The decree stated that operators may no longer assign the rights to operate gaming establishments to third parties. It also set a 25 year limit for gaming licences and granted the Directorate General of Gaming within the Interior Ministry, wider powers when it comes to end the licences of those operators found to be operating illegally. The law also allowed for the continuation of slot machines in casinos.

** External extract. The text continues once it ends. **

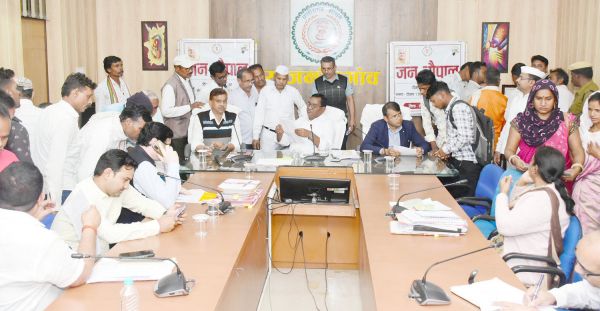 आवास योजना का लाभ दिलाने जन चौपाल में मांग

In its latest ruling on the issue the Supreme Court unanimously upheld five articles of the 2013 regulation arguing that they did not go beyond the terms of the original Gaming and Lotteries Act and were therefore legal. Crucially, the Court also declared that slot machines are considered a form of sweepstakes of numbers or symbols which are permitted by Article 2 of Mexico’s gaming law as they do not involve the use of skill on behalf of the players which is prohibited in Article 1.
The court also confirmed that the Directorate General of Gaming is the body which has the right to to authorise the establishment of businesses which carry out sweepstakes. However, the court’s decision will only benefit operators of slot machines located in casinos as slot machines outside of casinos such as in small businesses and shops will remain illegal.